The solution approach can be broken down into a few clear steps, each related to an aspect of the Trie data structure and the usage of it within the problem context.

Step 1: Trie Data Structure Implementation

  • We first implement the Trie class, which has the children (an array of size 26 to represent each letter of the English alphabet) and a reference (ref) integer that will hold the index of the root in the array if we reach the end of a root word.
  • The insert method is used for adding a word into the Trie. Each character of the word corresponds to an index in the children array (calculated by ord(c) - ord('a')). If the corresponding child node does not exist, we create a new Trie node.

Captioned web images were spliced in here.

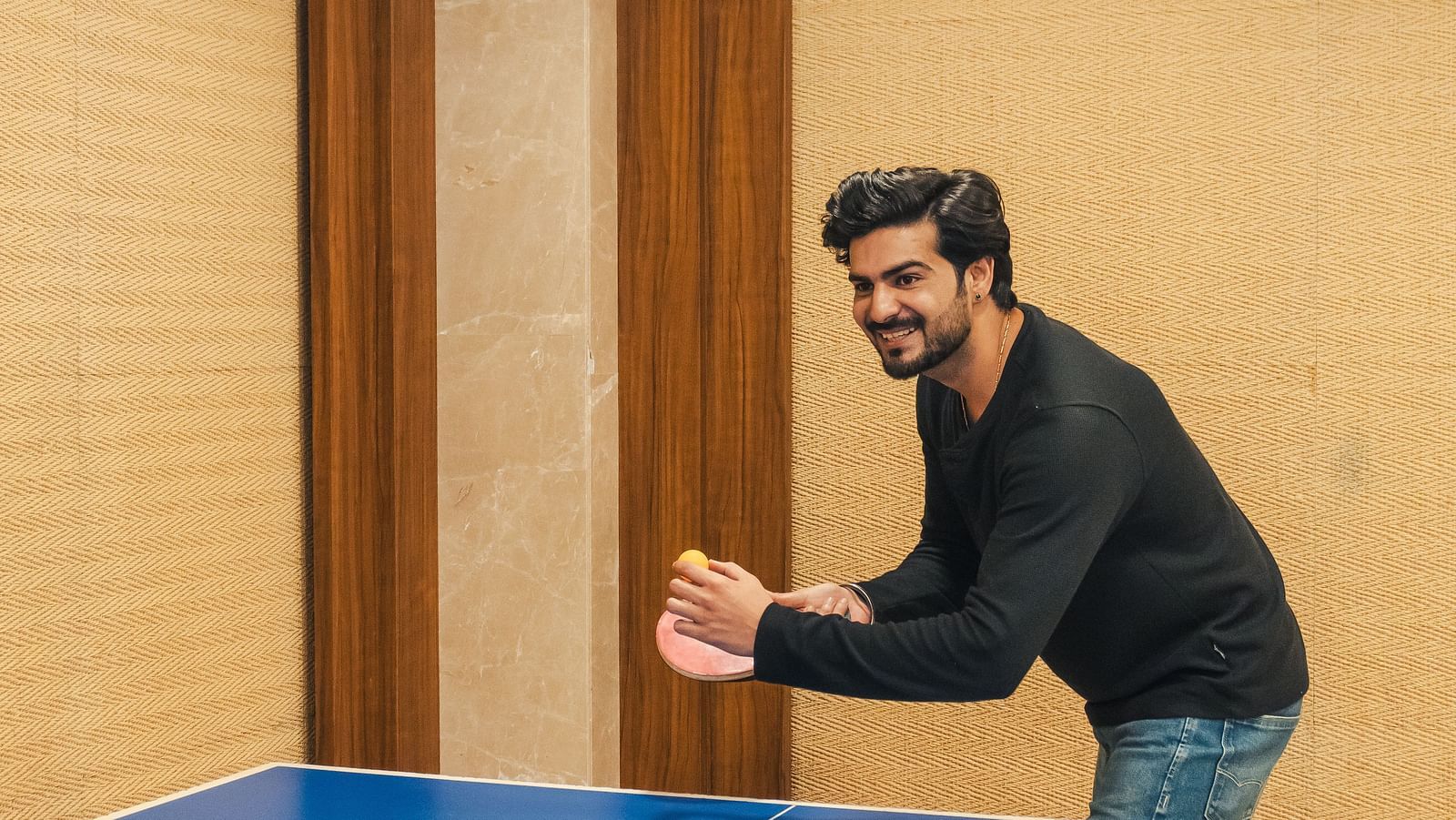  Guest playing table tennis during indoor leisure time at The Grand Legacy Resort and Spa.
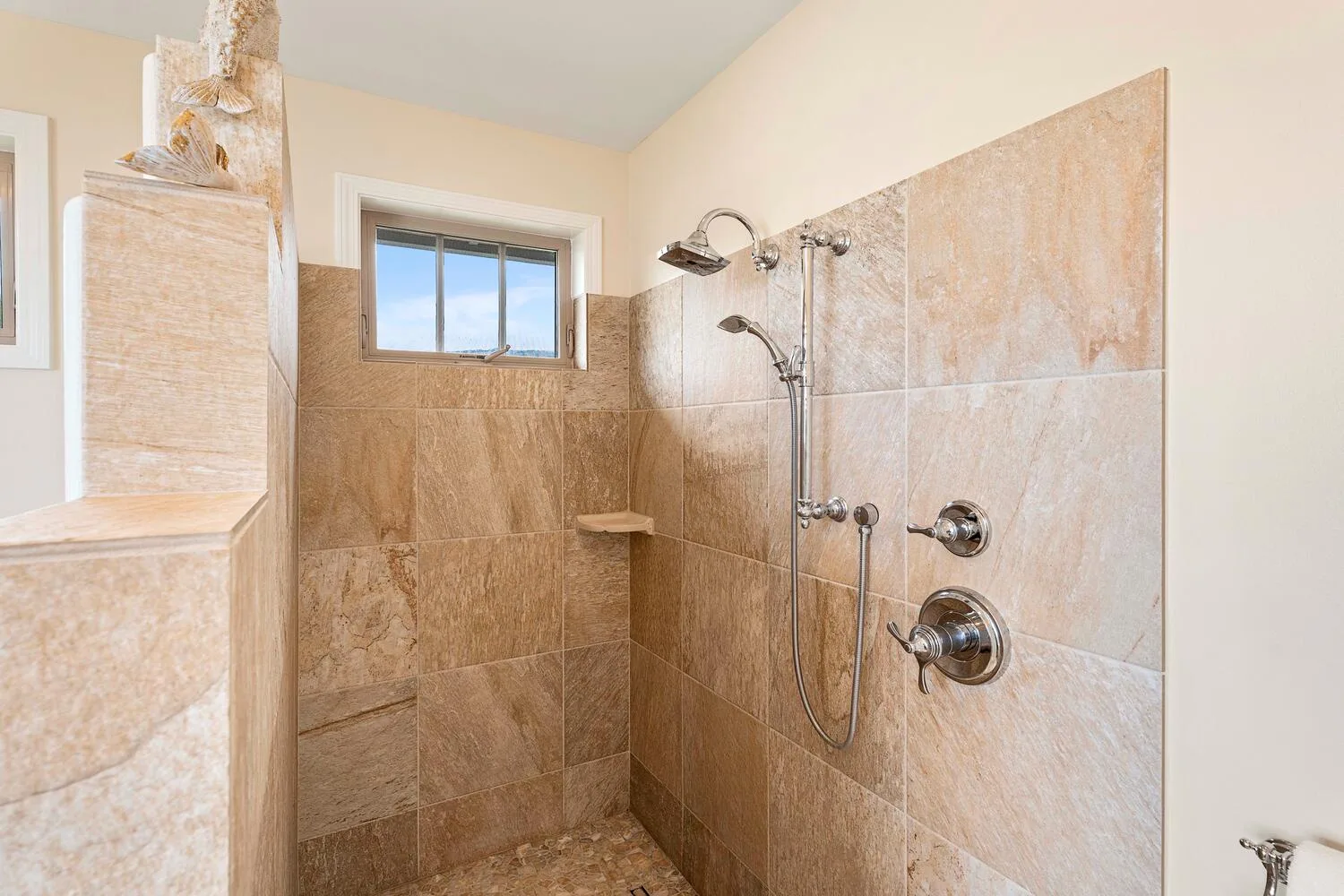 A tiled bathroom shower with a window and wall-mounted shower fixtures.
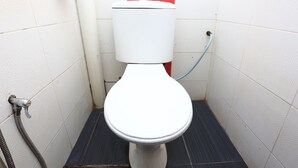 Une petite salle de bain aux dimensions réduites, avec des toilettes blanches, une tuyauterie visible et une cloison rouge.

The ref at the last character is set to the index of the root word in the dictionary.

Step 2: Build the Trie with Root Words

  • We instantiate a Trie object and loop through each root word in the dictionary, inserting each root into the Trie with its index in the dictionary.

Step 3: Searching and Replacing Words

  • Now, to replace words in the sentence with their roots, we split the sentence into words and iterate over each word. For each word, we perform a search using the search method. This method traverses the Trie similar to the insert method, but here we check at each step if the current Trie node has a reference to a dictionary index (i.e., if it's the end of a root word). If we find such a node, we return that index immediately.
  • If a root is found (idx is not -1), we use the root word from the dictionary to replace the original word in the sentence; if not, we keep the original word.

Step 4: Creating the Result

  • The replacements (or original words, if no root was found) are collected in the ans list. This list is then joined into a string separated by spaces to form the final sentence.

Step 5: Returning the Final Sentence

  • The joined string is returned, giving us the sentence with all possible successor words replaced with their roots.

Using a Trie ensures that each word is efficiently checked against all root words, and the data structure facilitates early stopping for the shortest root word match, optimizing the replacement process.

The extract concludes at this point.